394.31/11–2351: Telegram

The Acting Secretary of State to the Embassy in Canada 1


139. Re Belg import restrictions on dol goods:

1. Dept is recommending to NAC Staff on Mon that US approach Belg once more and request removal these restrictions and that, if approach unsuccessful, issue be put to IMF and GATT.2

2. Dept doc on subject notes fol pts.

Dol restrictions are very slight help in reducing Belg intra-Eur surplus. Also will require Belgians pay higher prices for imports of commodities affected.
Belgs are not faced now or in immed future with serious threat to dol reserves.
Belg action violates commitments in, GATT and principles IMF. Precedent created by Belg restrictions, which rest on justification other than a threat to monetary reserves, is extremely dangerous for any trade liberalization plans, whether global or regional in scope.
Belg case creates substantial risks which threaten continuation existing liberal US import policies. These policies already under heavy pressure. Case of this kind, which is not defensible on balance-of-payment grounds, may well provide basis for further actions by Congress limiting opportunities for foreign countries to export to US, such as cheese restrictions. This is threat to defense efforts Western Eur countries and to cooperative efforts Atlantic Community.

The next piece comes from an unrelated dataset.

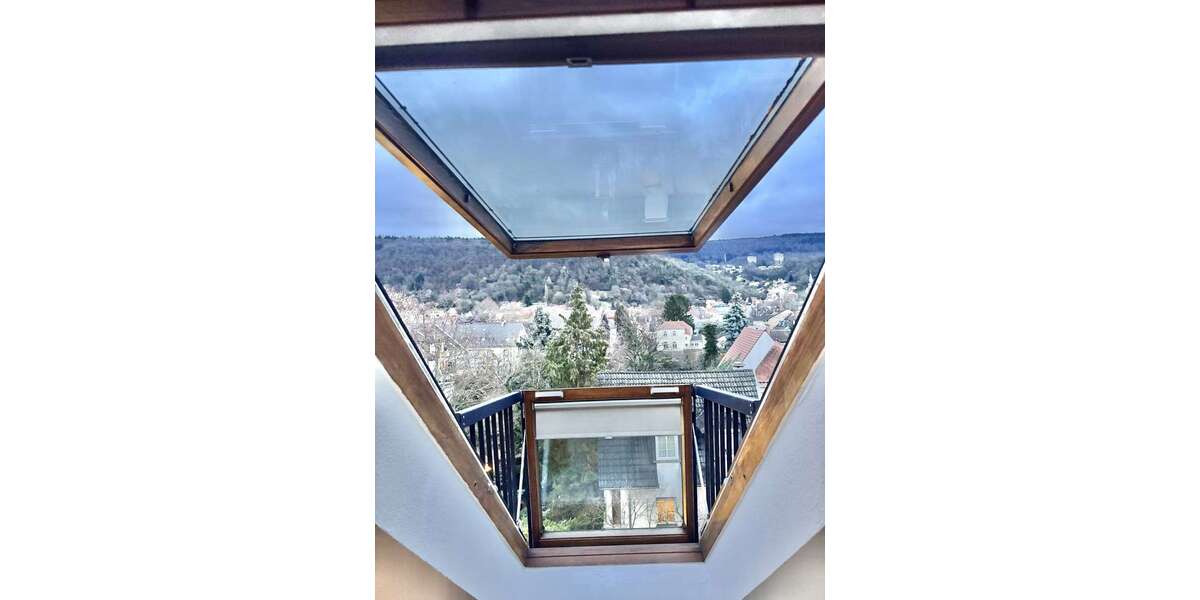 Etagenwohnung Heidelberg Boxberg - 2 Zimmer, 47 m&sup2;, 199.000&euro; | Angebot:27455639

3. We understand Belgs themselves are closely divided on question of wisdom retaining dollar restrictions and we are hopeful, therefore, that by raising issue as in para 1 above, we may achieve their removal.

4. Dept believes US action as indicated to secure removal Belg import restrictions cannot be long delayed without considerable risk. Risks are (a) creation vested interests in Belg for retention restrictions, (b) possibility adverse Congressional reactions when it reconvenes, (c) loss of support of countries which have heretofore been chief supporters US liberal trade policies, particularly Canada.

  1. Sent to Paris as Secrep 40 niact Brussels as 752, Rome as 2404 niact.
  2. The lengthy Department of State recommendation (21 pages) was incorporated into Staff Study Doc. 547, November 20, 1951, supra.